Scott McConnell is the general manager of Ingkerreke, an Aboriginal-run outstation resource organisation, which contracts for SIHIP through its commercial arm.

Scott explained how CDEP workers were used by SIHIP at Santa Teresa, another community in the Macdonnell region: “When we started working at Santa Teresa, we were asked to attend some workforce development meetings with New Future Alliance and Community Enterprises Australia (CEA).

“We immediately became very uncomfortable. They wanted us to pay people who were CDEP participants. To pay them top up. So someone would be working on a site with a CDEP participant on some CDEP rate and then, once they’d done their 16 hours through that little arrangement, then they’d work for Ingkerreke on a top up arrangement.

“We disengaged and said this is an absolute no go for us. But they went ahead and did it anyway. These guys ended up working on the sites for CDEP, then any extra hours were paid directly by New Future Alliance.

“Because it was a flexible arrangement and they weren’t getting paid properly, some people were treating it like it wasn’t a job. Others were really putting in and trying to learn. Some would work for three days, be promised top-up and then find out that they weren’t getting any — they were just getting the dole anyway.

“Working in SIHIP, Ingkerreke has to send our contracts and all of our information about how we remunerate staff to the government and get all the formal accreditation. Yet CEA have got these guys working on sites alongside us, doing the same work but getting paid next to nothing.

“If they’d done it properly, there could have been five or six people at Santa Teresa working for Ingkerreke for at least $25 an hour, up to 10 hours a day, 13 days in a fortnight. Our organisation is very concerned about this practice.
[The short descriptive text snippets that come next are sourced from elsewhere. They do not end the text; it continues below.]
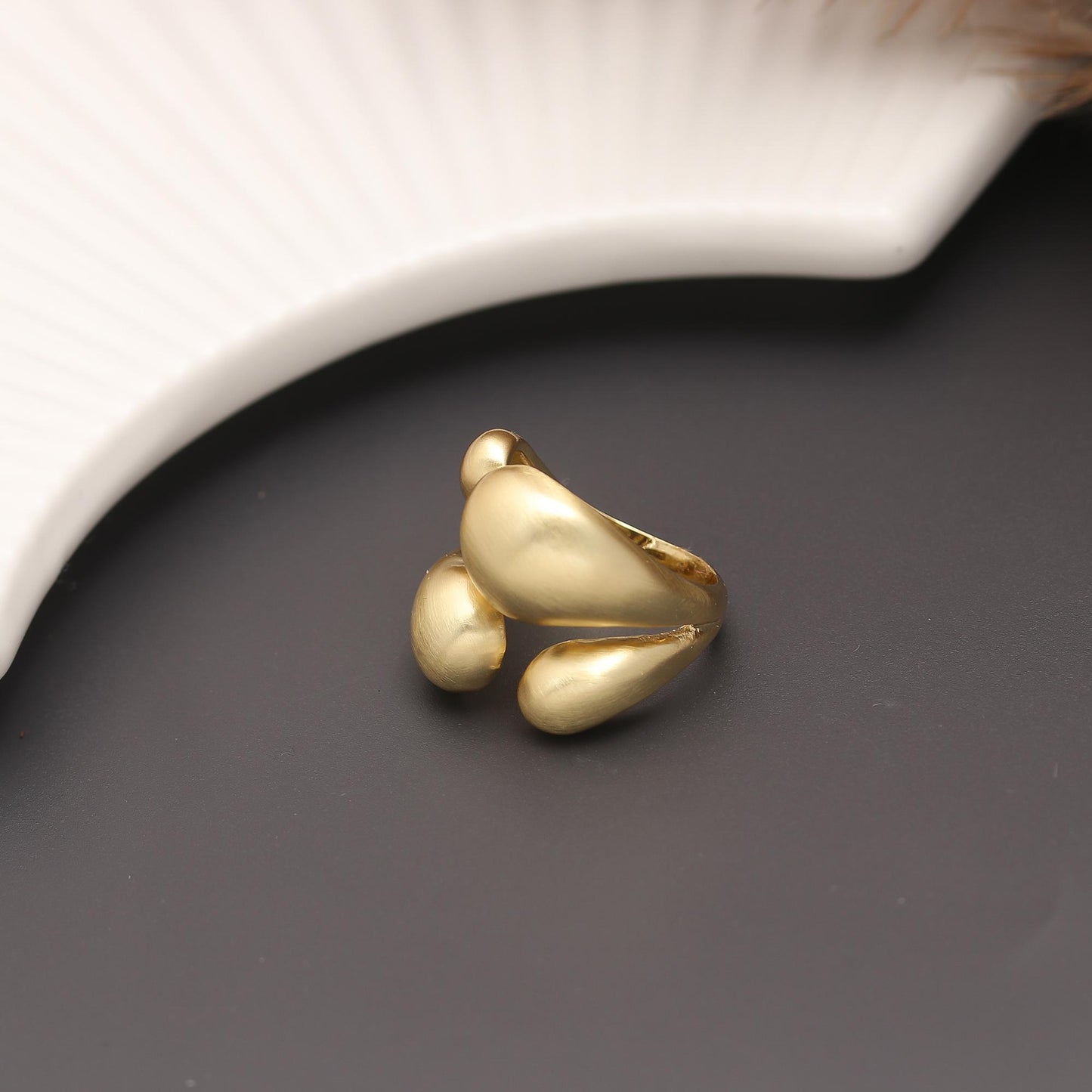 Crown light Abstract Ring with Matte Texture and Modern Sculptural Design | Romantic Statement Jewelry for Special Occasions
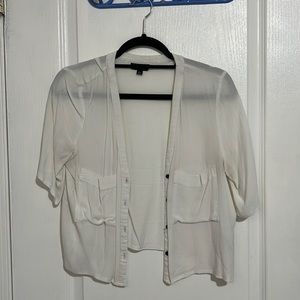 Topshop:white button down crop top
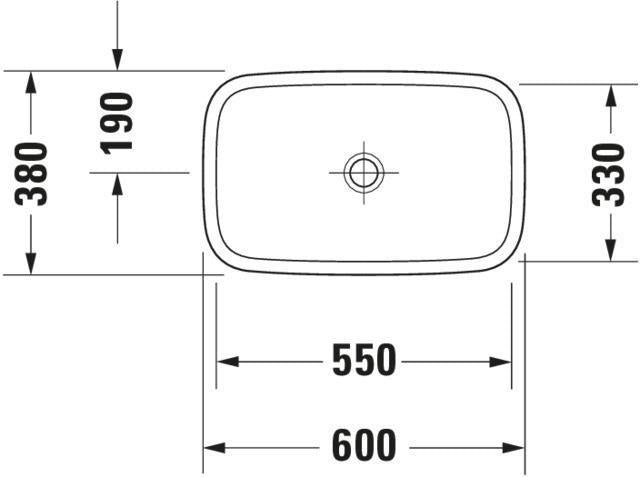 DURAVIT DuraStyle Aufsatzbecken 600 mm weiß mit WonderGliss – ohne Hahnloch, ohne Überlauf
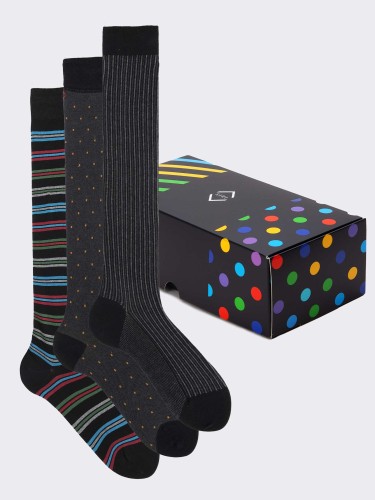 Geschenkpackung 3 Paar Black Mix Fantasy Socken - Geschenkidee Made in Italy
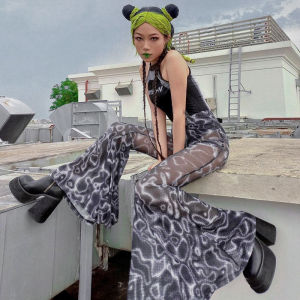 Micro Transparent High Waisted Flared Pants Womens See-through Bell Bottom Trousers Summer Thin Fabric Long Casual Pants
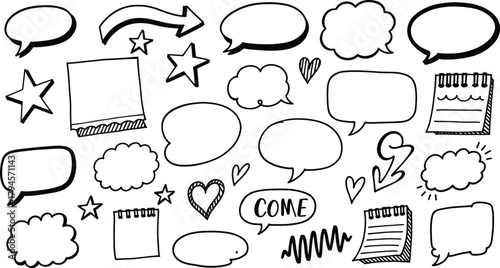 Line marker hand drawn brush arrow element set. Sketch pencil stroke vector graphic pen underline scribble icon. Hand drawn line heart, crown, star symbol highlight marker shape. Vector illustration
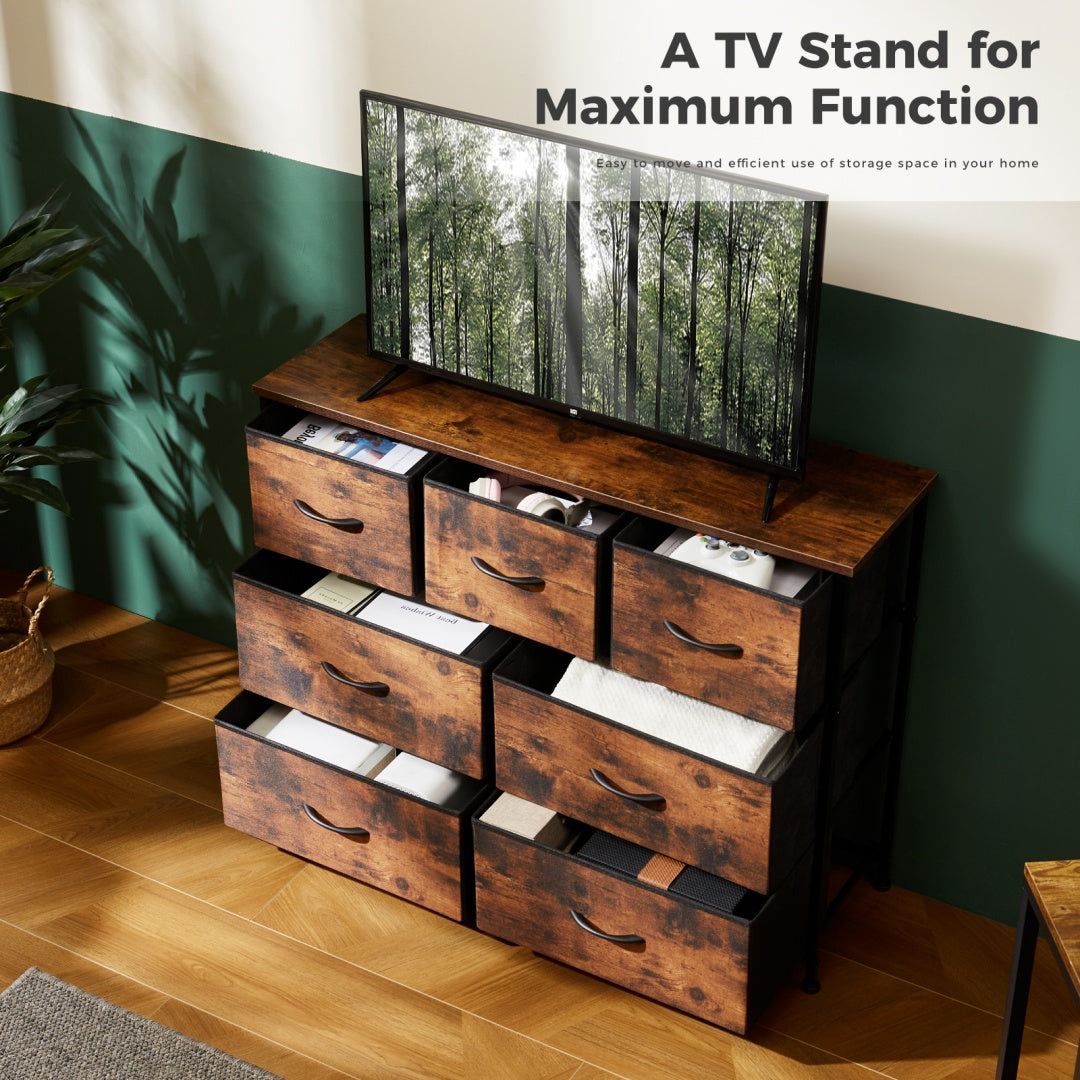 Tall Dresser Fabric Storage Tower ,Wooden Top For Kid Room, Closet, Entryway, Nursery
There’s no way that you would have a white fella getting paid on a BasicsCard working on a $672 million construction program.”

Aboriginal communities have been dispossessed of millions of dollars worth of land and housing through the intervention and SIHIP. Using the intervention’s compulsory five-year lease over Aboriginal township land, all housing stock was transferred from local Aboriginal housing committees to the NT Department of Housing.
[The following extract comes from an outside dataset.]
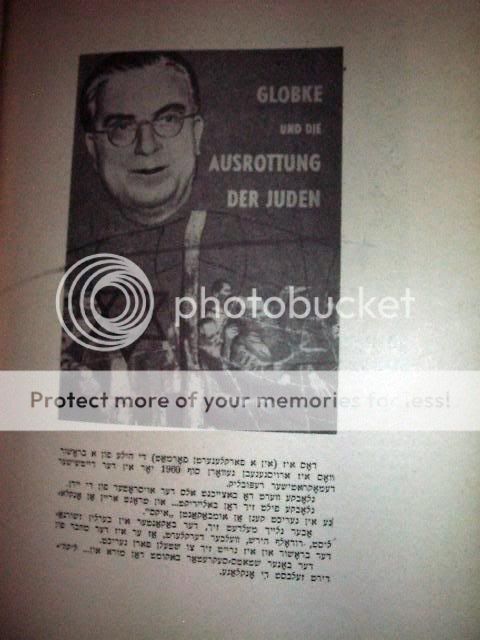 Hans Globke Role in Nazi Holocaust, Yiddish Judaica  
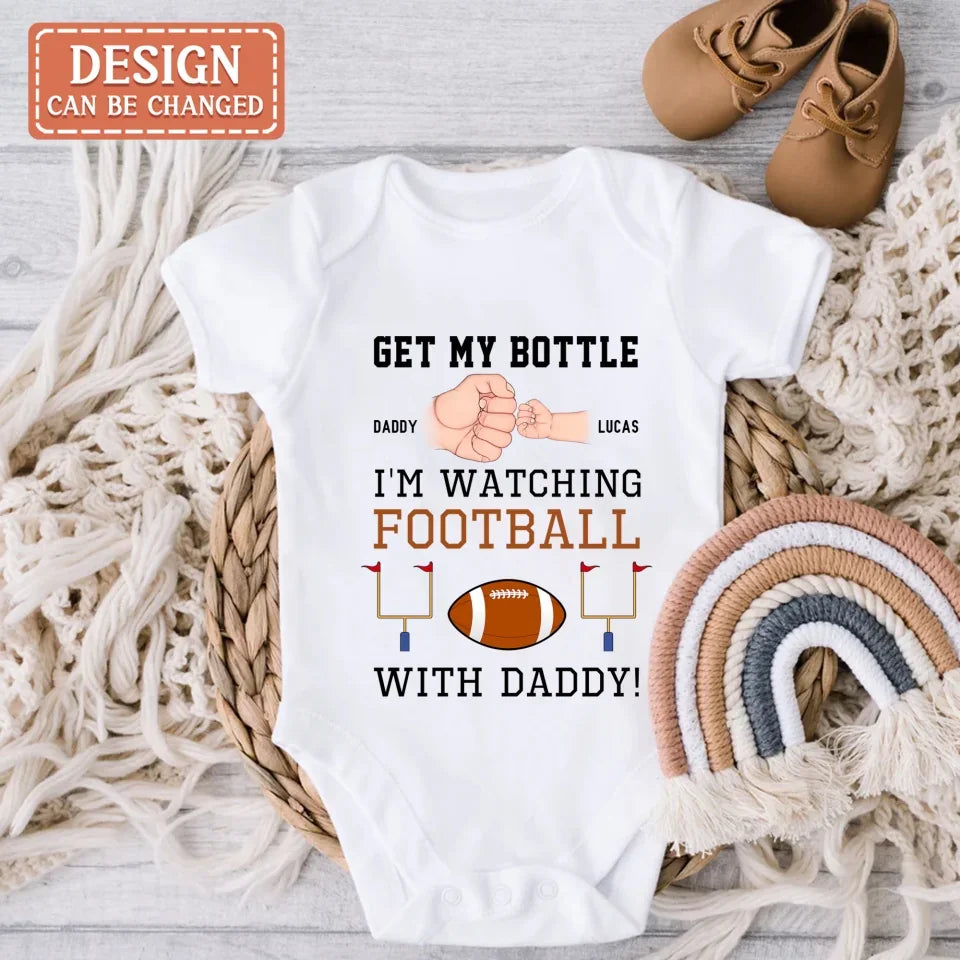 Personalized Watching Football Baby Onesie - Gift Idea For Your Kid - Get My Bottle I'm Watching Football With Daddy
Crikey has been told that at Santa Teresa, rents of $180 per week are expected on houses for which residents paid $40 for before the SIHIP renovations. Despite the common occurrence of 15-20 people per house across all NT communities, only 16 of the 73 “prescribed communities” will receive any new housing under SIHIP. And only if they sign a 40-year lease with the Government.

On October 20, Gurindji workers went on strike in the communities of Kalkaringi and Dagaragu over the unemployment, exploitative working conditions and loss of services and land rights through the intervention and cuts to CDEP.
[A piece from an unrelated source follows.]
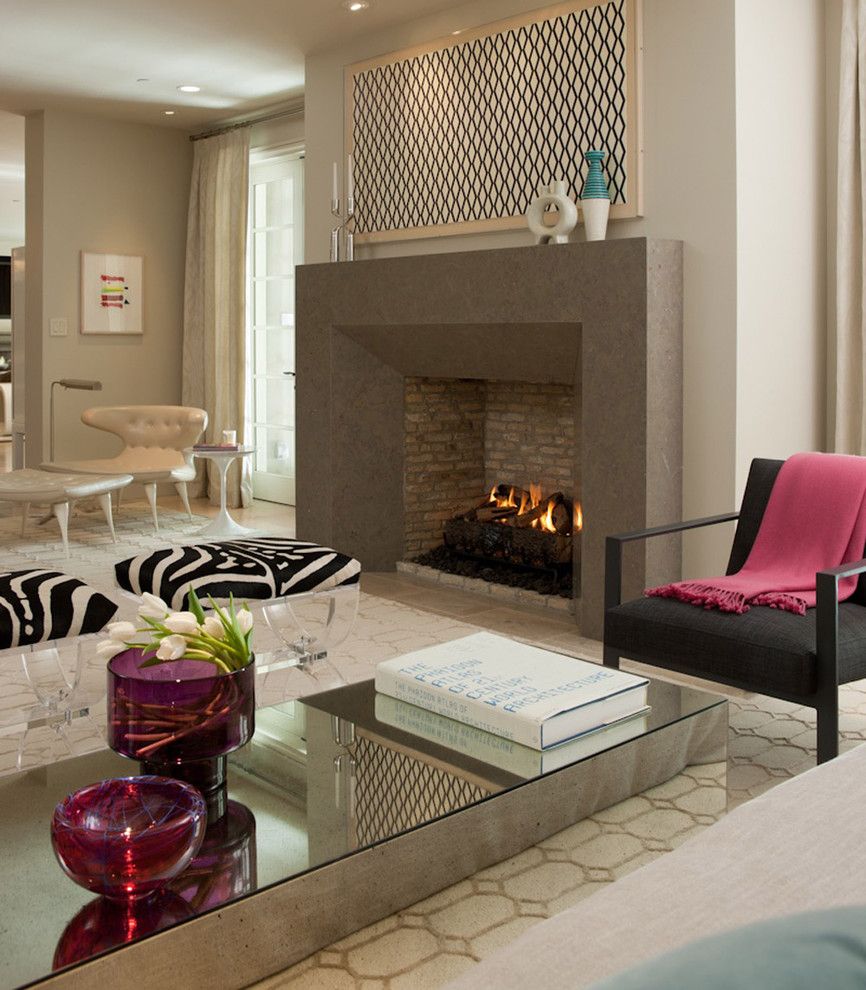 Plexi Craft for a Contemporary Living Room with a Contemporary and Sleek Fireplace Design by California Home + Design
On October 29, a National Day of Action was held demanding “Stop the Intervention — Jobs with Justice for Aboriginal workers”, supported by a broad range of organisations including Unions NT, Australians for Native Title and Reconciliation, the Tangentyere Council and the Aboriginal and Torres Strait Islander Ecumenical Commission.

On Thursday, a high-level trade union delegation including ACTU secretary Jeff Lawrence will begin a tour of the NT to investigate the impact of the intervention.